Объявляем следующий номер — самый короткий в нашей программе
Погасите свет! Полная темнота!
Начали!
Петьку посадили в чулан.
Если бы там можно было хотя бы повернуться, мальчишка бы изловчился и попрыгал от радости.
Но повернуться было нельзя, и он радовался неподвижно.
Ведь ему, можно сказать, не попало. Чего-то там ему наговорили, накормили и закрыли в чулан.
Вот и всё!
Кто другой на его месте и расстроился бы, а Петька — нет. Ни капельки!
Посидит-посидит, поспит-поспит — выпустят, а он в цирк убежит. Не поймаете!
Но радовался Петька недолго. Вернее, даже и не успел порадоваться.

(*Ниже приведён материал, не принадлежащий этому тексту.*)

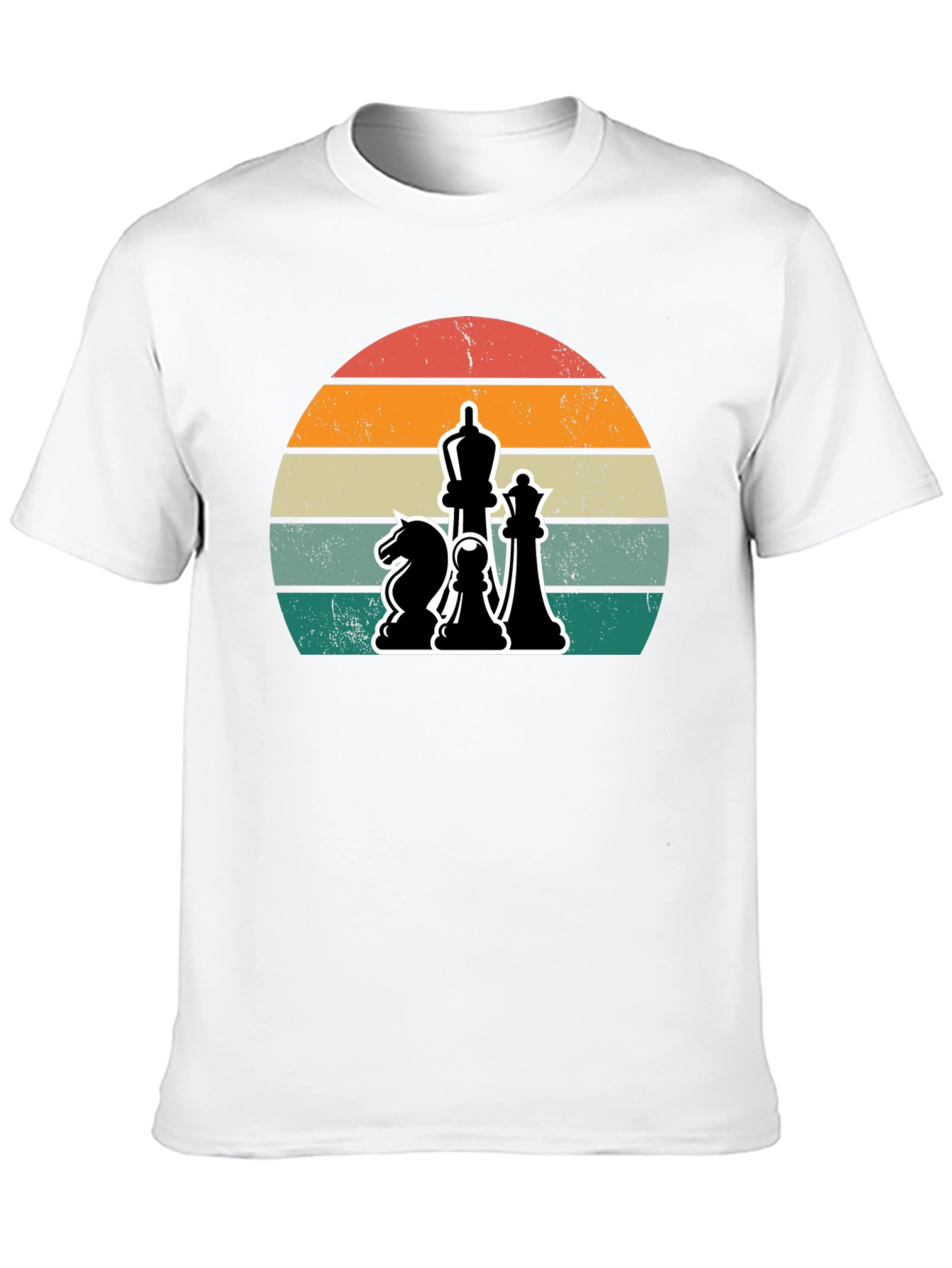 Chess Sunset Graphic Tee - Stylish Comfort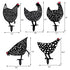 5Pcs Chicken Yard Art Outdoor Metal Statue Decor Garden Stakes - millionsource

Вдруг — ни с того ни с сего — радостное настроение улетучилось без остатка.
В сердце забрался стрАХ!
«ПОЧЕМУ НЕ ПОПАЛО? — пронеслось в голове. — Почему даже не ругали толком? Почему даже по одному месту не наподдавали?»
И Петька понял: не попало, но ПОПАДЁТ, да ещё как!
Дайте полный свет!
Продолжаем!
Виктор мыл посуду.
Такой у них дома был порядок: посуду все мыли. По очереди. Кроме кота Паровоза. Он был освобождён ввиду его несознательности.
Не скоро привык Виктор к такому обычаю, но привык. А когда привык, то это дело для него особого труда не представляло. Конечно, мальчишки (да и девчонки!) сначала дразнили, а потом тоже привыкли и перестали дразнить.
Зато и выгода от такого обычая была немалая. После того как ты сам, один, в порядке живой очереди, без напоминаний вымыл посуду, ты уже вроде бы как взрослый человек. И никто уже не скажет тебе вслед:
«Только не бегай, не дерись, носик вытирай платочком, переходя улицу, оглянись по сторонам, не обижай девочек…»
Нет, ты спокойно говоришь:
— Я пошёл.
И уходишь.
А если и спросят тебя, когда вернёшься, то ведь и папу об этом спрашивают.
Но Владик (то есть бывший Головёшка) смотрел на Виктора как на чудо морское; не выдержал и спросил:
— За что это тебя они?
— Чего, чего? — не понял Виктор. — Кто — они? Что — за что?
— Так ведь позор! Посуду-то мыть!
— А, вот ты о чём. А у вас кто посуду моет?
— У нас тётя Нюра. Соседка.
— Ей что, делать больше нечего?
— Как — нечего? — возмутился Владик. — У них семья большая. Просто она мать жалеет.
— А ты?
— Чего — я?
— А ты маму жалеешь?
— Чего-то ты меня путаешь, — подозрительным тоном проговорил Владик. — Мать — это одно. Посуда — это другое. С чего это я, мужчина, посуду мыть буду? Засмеют.
— Дармоед ты, — спокойно сказал Виктор. — И всё у тебя в голове перепуталось. Как говорится, мозги с картошкой. Или чернила с маслом.
— Обзываешься опять?
— Ты сам обязан о своей маме заботиться, а не тётя Нюра. Ты — единственный мужчина в семье…
— А ведь точно! — изумился Владик. — Единственный мужчина, — с гордостью повторил он. — Я матери скажу, вот обрадуется, вот…
— Мама у тебя в беду попала, а ты на чужую тётю надеешься.
— Не надеюсь я на неё! — крикнул Владик. — Наоборот совсем. Уж лучше бы она к нам и не ходила. Она… она святая.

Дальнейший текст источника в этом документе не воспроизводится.